Our objective was to assess the Postal Service’s efforts to reduce transportation costs of Mail Transport Equipment (MTE) in the Mail Transport Equipment Service Center (MTESC) network.
The MTESC network is a nationwide network of 14 contractor-operated facilities. MTESC facilities process, repair, store, and distribute MTE (containers, sacks, trays, flat tubs, sleeves, and pallets) to processing and distribution centers (P&DCs) and business mailers. The cost to move MTE nationwide decreased from $41.5 million in fiscal year (FY) 2017 to $31.7 million in FY 2018. However, the cost to move MTE within the MTESC network increased from $21.3 million to $30.2 million during this period.

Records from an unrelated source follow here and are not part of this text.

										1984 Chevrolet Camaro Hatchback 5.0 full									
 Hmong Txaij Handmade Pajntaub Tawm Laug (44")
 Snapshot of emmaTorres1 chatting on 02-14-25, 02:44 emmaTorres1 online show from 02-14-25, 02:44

The Postal Service Headquarters MTE group coordinates the replenishment of MTE across the MTESC network by contracting with six intermodal (truck and rail) transportation suppliers. Intermodal transportation suppliers are contracted to provide trailers for one-way trips by truck or rail within 48 hours of notification. In FY 2017, the Postal Service began using an existing highway contract route (HCR) supplier to move MTE within the MTESC network, which allowed the Postal Service to supplement intermodal transportation. In FY 2018, the Postal Service modified the contract to allow the HCR supplier to continue fulfilling urgent MTE requests.
We found that opportunities exist for the Postal Service to reduce MTE transportation costs within the MTESC network. Specifically, the Postal Service is not maximizing the use of more cost-efficient intermodal suppliers and is increasingly relying on an HCR supplier to fulfill urgent MTE requests. We estimated the FY 2018 average cost to transport MTE using the intermodal suppliers was $1,569 while the average cost for using an HCR supplier was $2,110 per one-way trip. Further, we noted that HCR supplier costs were not allocated to the proper general ledger (GL) accounts.
We found that overall costs to move MTE intermodally decreased from $21.3 million in FY 2017 to $14.1 million in FY 2018 (33 percent), while HCR transportation costs increased by $16.1 million in FY 2018. In addition, for the same time period, intermodal trips decreased from 14,612 to 9,361 (36 percent) while HCR trips to transport MTE increased from 43 to 4,982 (11,500 percent).
This occurred because intermodal suppliers did not have sufficient lead time to meet contract requirements; and the Postal Service did not track, monitor, and report supplier nonperformance. The Postal Service has the ability to charge intermodal suppliers with replacement costs to transport MTE but has not consistently done so. These costs would equal the Postal Service’s costs for the replacement service (HCR supplier) less the existing intermodal contract rate.
We estimate the Postal Service could have saved $1.4 million in FY 2018 and an additional $1.4 million in FY 2019 by transporting MTE using intermodal suppliers rather than HCR suppliers.
During our audit, Postal Service management provided additional documentation on the steps it initiated in FY 2019 to improve intermodal and HCR supplier issues and concerns. For example, in August 2019, the Postal Service began requiring headquarters approval before using an HCR supplier to transport MTE. In addition, it began assessing the intermodal suppliers’ replacement costs for nonperformance.
Furthermore, our analysis of FY 2018 HCR service payment data revealed these costs were not allocated to the proper GL accounts; therefore, these accounts are understated. This occurred because transportation field personnel were using incorrect GL accounts to record HCR service expenses to move MTE within the MTESC network. Furthermore, management did not monitor transportation field personnel to ensure they used proper GL accounts to record these expenses.
As a result, costs to move MTE within the MTESC network were understated and management does not have accurate financial data to effectively manage and control these costs. Headquarters MTE management understood the importance of properly accounting for costs paid to the HCR supplier and took corrective action to update the HCR supplier contract to reflect the correct GL account beginning September 1, 2019; therefore, we are not making a recommendation regarding this issue.
We recommended management re-evaluate statement of work requirements, including standard response times for intermodal suppliers; develop a formalized process to require justification for using an HCR supplier rather than the intermodal supplier; track, monitor, and report suppliers’ nonperformance for transporting MTE between MTESCs; and hold suppliers accountable when they fail to meet contract terms.